You're reading: Scammers rob hundreds with fake tickets to Imagine Dragons concert in Kyiv

Scammers rob hundreds with fake tickets to Imagine Dragons concert in Kyiv

For her 13th birthday, Ukrainian teenager Sofya Epstein received a special gift from her mother, Tatiana Ivanova: tickets to the concert of her favourite band, Imagine Dragons, in Kyiv on Aug.31.

However, on the night of the show, mother and daughter found themselves among hundreds of other fans who had been scammed by a website selling fake tickets.

While 50,000 people were enjoying the American rock band’s performance at Kyiv’s Olimpiysky Stadium on a Friday night, Ivanova and Epstein stood outside with other exasperated holders of invalid tickets.

“Some people were crying. Many came from other cities and countries,” Ivanova recalled.

She bought two tickets for Hr 2,999 ($110) each in March from an online ticket vendor called e-ticket.in.ua. “The website looked genuine. They had customer support and security measures. They used LiqPay (a service for instant money transfers),” Ivanova told the Kyiv Post.

So Ivanova began investigating. According to her, at least 1,500 people bought tickets from the same website.

That dodgy website was registered on Jan. 25, a few weeks after tickets to Imagine Dragons’ concert officially went on sale. Screenshots show that it continued to sell tickets on Sept.1, after the concert had finished, and was taken down in the evening.

Naturally, the customer support phone number no longer worked. Ivanova and others who bought fake tickets went to check the address listed on the website.
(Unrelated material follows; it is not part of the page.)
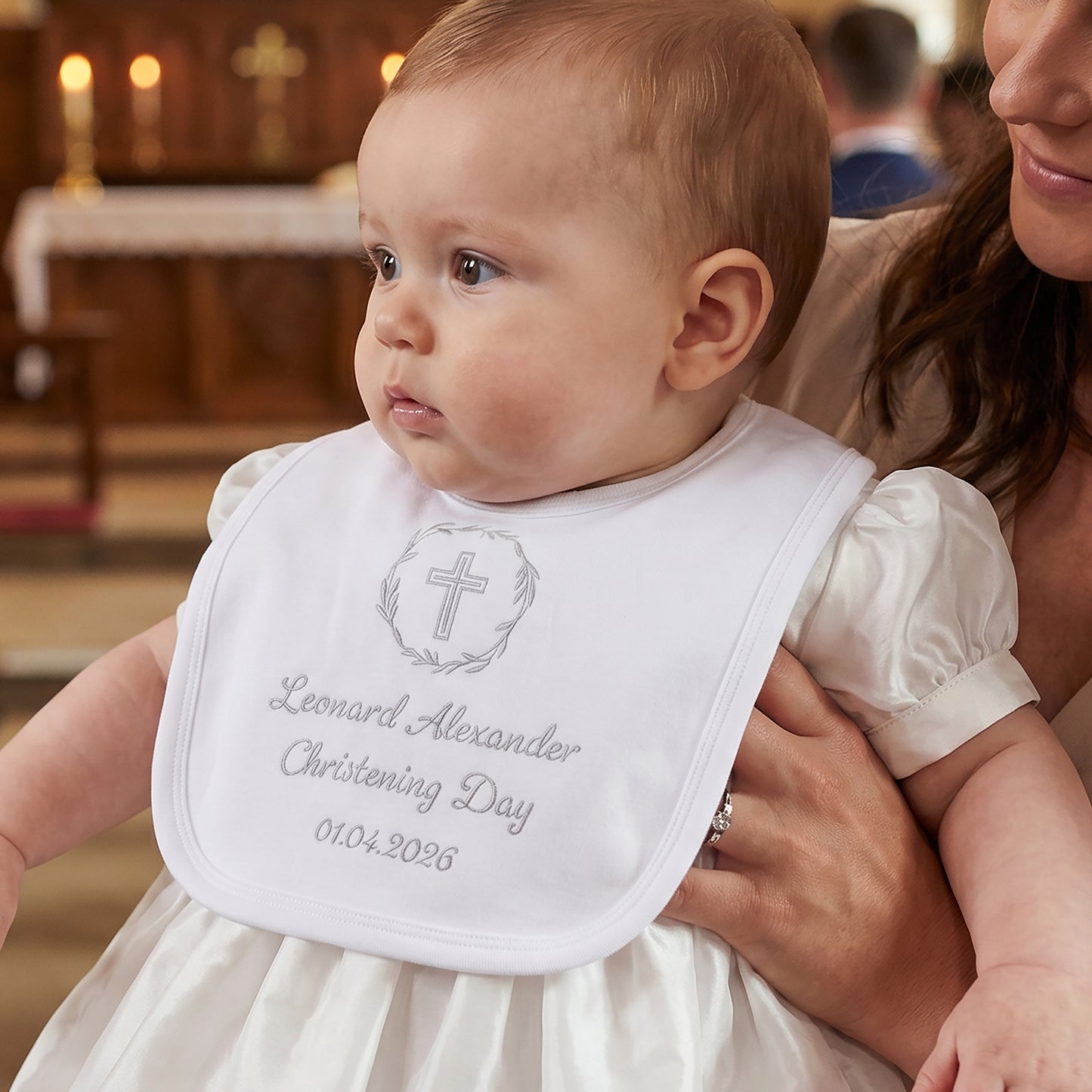 White velcro christening bib embroidered with a grey cross inside a laurel wreath, personalised with the name Leonard Alexander, "Christening Day" and the date 01.04.2026, worn by a baby held by a parent.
“It was a regular office building, and there weren’t any ticket-selling companies,” Ivanova said. “The security guards told us that, over the weekend, crowds of people came here to look for the same company.”

Ivanova’s post on Facebook on Aug.31 drew dozens of comments from other victims with similar stories.
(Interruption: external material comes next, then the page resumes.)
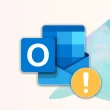 Logo Outlook avec icône de panne sur fond coloré - vérifier l’état des services Microsoft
“We came from Minsk. We also bought three tickets for over Hr 6,000 from e-ticket.in.ua,” wrote Facebook user Irina Slavnikova. Fans came from all over Ukraine, Poland, Belarus, and Moldova.

Some, like Lviv resident Igor Balitskyi, also reported having been scammed by ticket resellers. He bought two tickets for him and his wife from a reseller on OLX, a Ukrainian site for private vendors.

His tickets looked genuine, he told the Kyiv Post: printed on high-quality paper with a barcode and the logo of Karabas, Ukraine’s largest ticket-selling service. But they were invalid too.

Balitskyi and wife convinced the volunteers at the gates to let them in, and they found other people in their seats who had exactly the same tickets.

“The tickets weren’t fake. They were duplicated. Those people came first, they went through the gates, and we didn’t,” Balitskyi said. He is still unsure whether he and his wife or the other people had the original tickets.

The tickets to Imagine Dragons’ first-ever concert in Kyiv went on sale on Jan. 9. The demand was so high that the organizers had to launch an electronic queue. On the first day, nearly 50,000 people signed up for the waiting list, according to the UNIAN news agency.

“The ticket scam was a huge issue we have had to deal with,” the concert organizers, GAS Concert, told the Kyiv Post. “The demand was unprecedentedly high for Ukraine from the day the tickets went on sale. We don’t know how many hundreds or thousands people purchased fake tickets, but we warned the fans about fraud and advised them to buy only from official distributors.”